Turkey Antitrust Defendants File Reply Brief Asking Court to Curb “Fishing Expedition” Discovery Requests


Turkey wholesalers and a statistics aggregator defending price-fixing conspiracy claims have submitted their final brief in support of their motion for a protective order limiting the scope of discovery. The defendants’ reply brief, filed last week, reiterates their earlier position that the plaintiffs have levied burdensome discovery requests in an effort to “trawl” for information resurrecting dismissed or supporting new claims.

The brief explains that the plaintiffs assert “a single rule of reason claim,” that between 2010 and 2017, through industry data aggregator Agri Stats, the defendants exchanged production and sales date information that gave rise to a conspiracy to raise and fix prices. The case is proceeding through discovery after the plaintiffs’ federal antitrust claims and most of their state antitrust and consumer protection claims survived the motion to dismiss phase.

The defendants claimed that plaintiffs’ discovery requests are “untethered” to the issues the case presents because the requested information is from time periods far beyond the alleged conspiracy and excessive in scope. By way of example, the brief points to an alleged request for 13 years of telephone records, regardless of their subject matter.

The turkey defendants claimed that the plaintiffs’ requests are excessive and burdensome, in violation of the Federal Rules of Civil Procedure.
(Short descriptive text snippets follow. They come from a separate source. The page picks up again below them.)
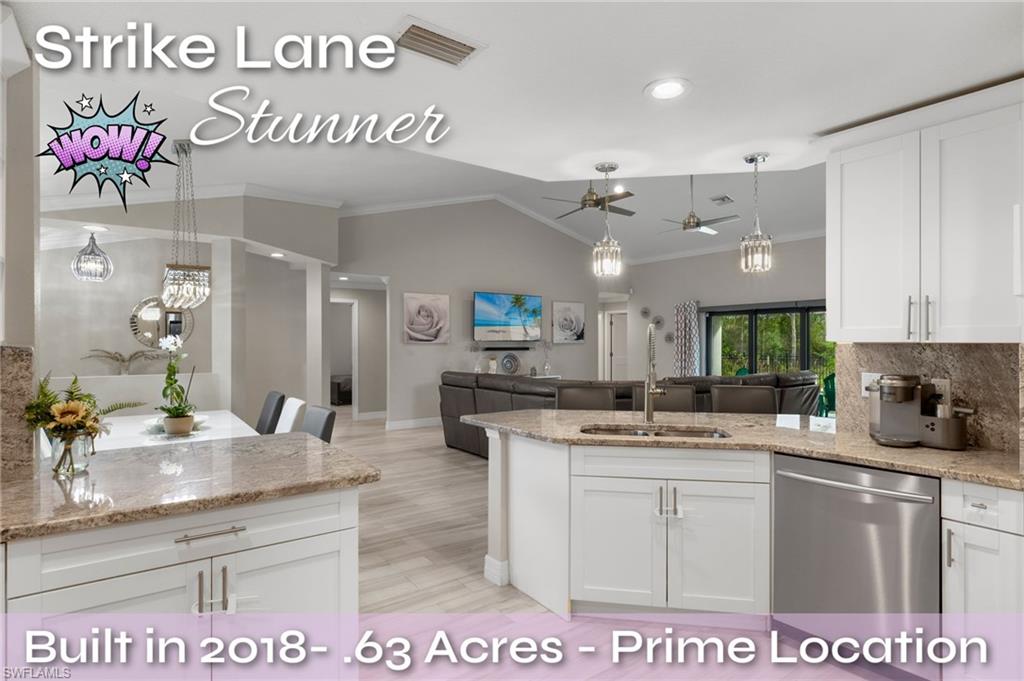 a kitchen with kitchen island granite countertop a sink cabinets and stainless steel appliances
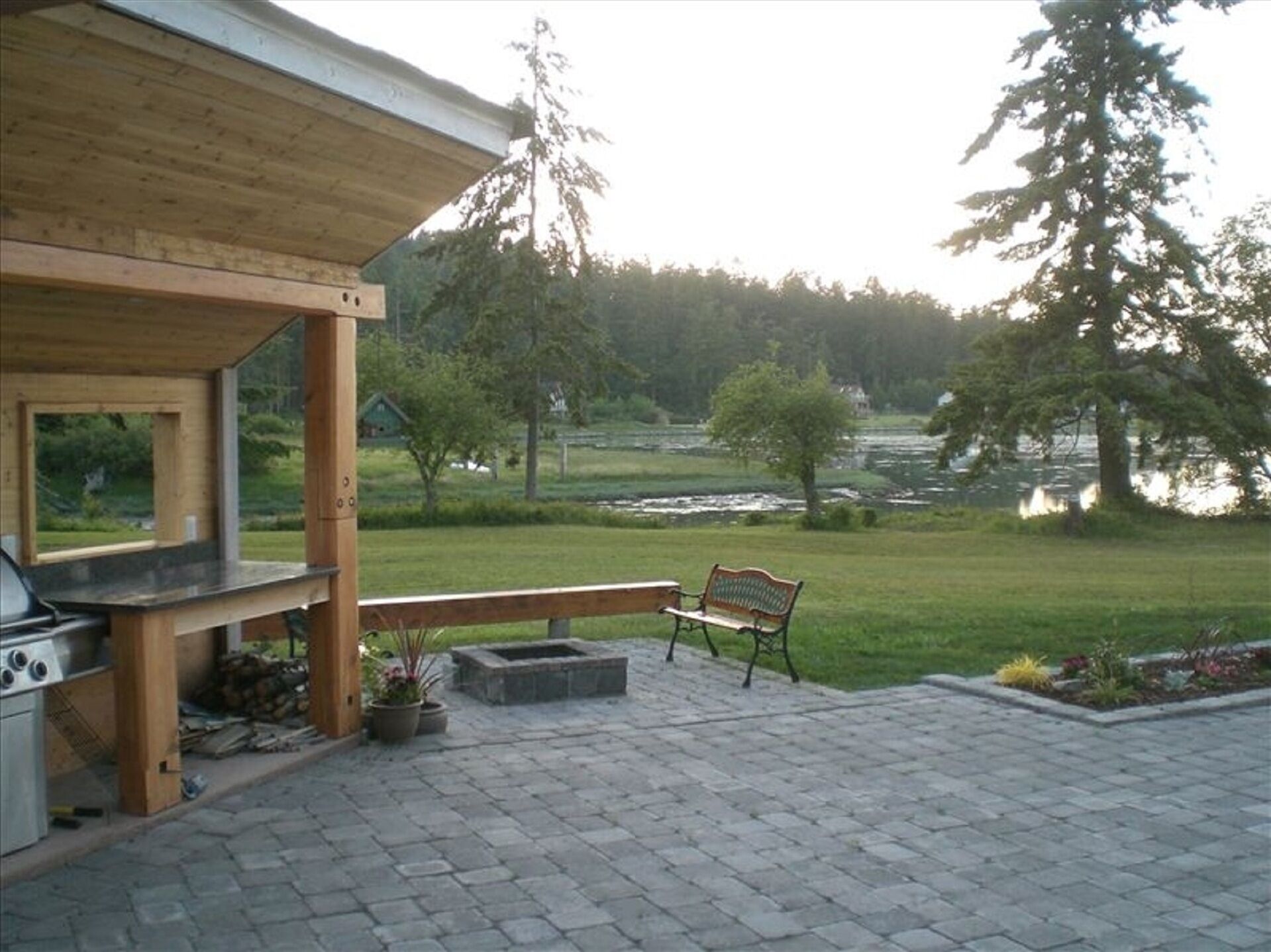 A patio area with a wooden deck, a grill, and a bench overlooking a river and forested area.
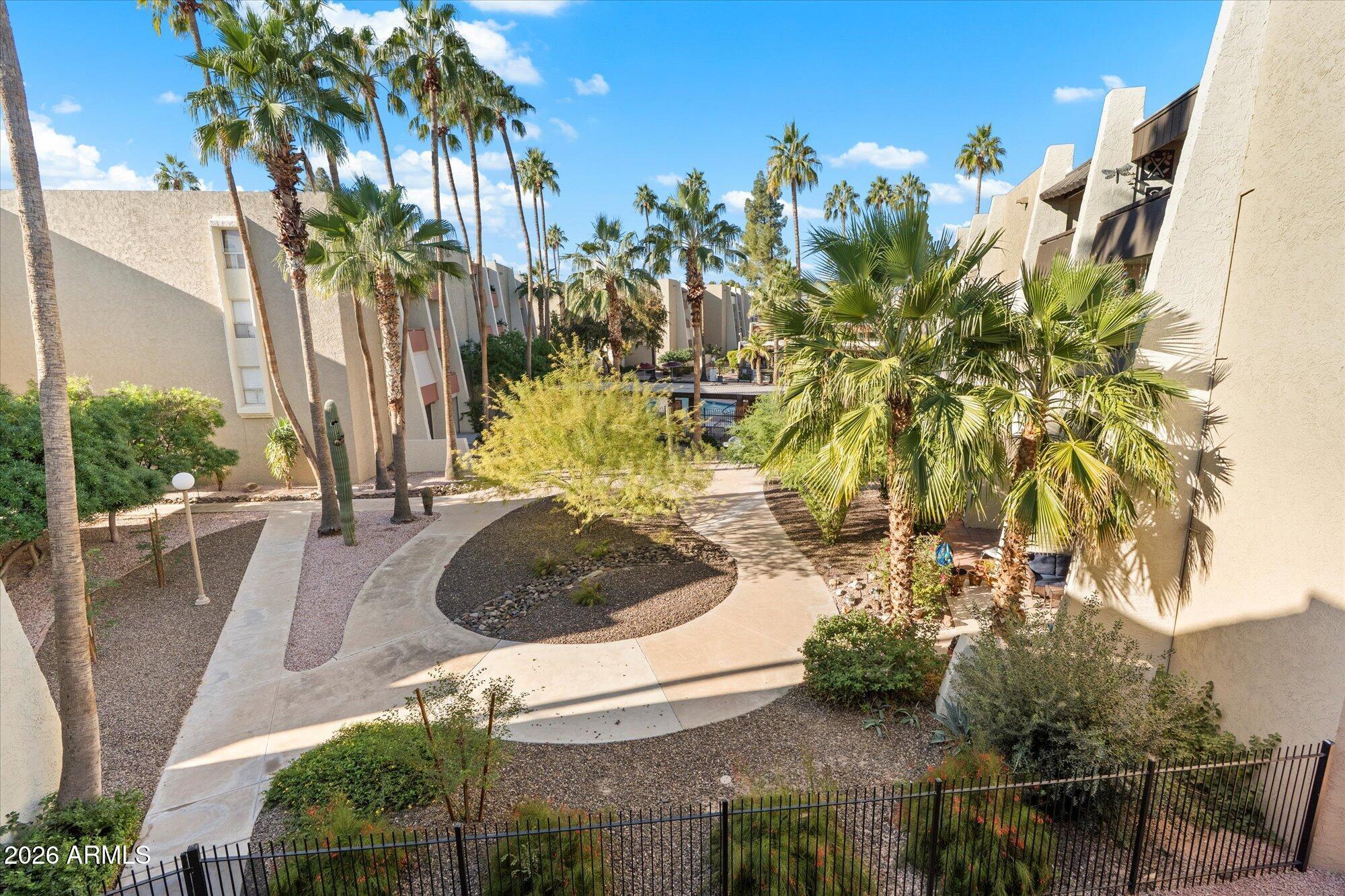 7625 East Camelback Road, Unit B325 Scottsdale, AZ 85251 - Photo 21 of 24 a view of outdoor space and yard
The filing contends “[i]t is clear that Plaintiffs seek to turn this case into an onerous discovery slog, delving deeply into the files of parties and nonparties alike for evidence to support a claim that Plaintiffs hope to bring, not the one that survived Rule 12.” In turn, they requested that the court enter a protective order barring discovery beyond the scope of the claim at issue in this case.

The defendants are represented by Mayer Brown LLP, Proskauer Rose LLP, Greene Espel PLLP, Eimer Stahl LLP, Carpenter, Lipps & Leland LLP, Dentons US LLP, Faegre Drinker Biddle & Reath LLP, Vedder Price P.C., Jordan Price Wall Gray Jones & Carlton, PLLC, Venable LLP, Falkenberg Ives LLP, Miller, Canfield, Paddock & Stone, PLC, Hogan Lovells US LLP, Lipe Lyons Murphy Nahrstadt & Pontikis Ltd., and Axinn, Veltrop & Harkrider LLP.

Sandee’s Catering is represented by Cuneo Gilbert & Laduca, LLP and Clifford Law Offices, and the direct purchaser plaintiffs by Lockridge Grindal Nauen P.L.L.P., Pearson Simon & Warshaw LLP, and Hagens Berman Sobol Shapiro LLP.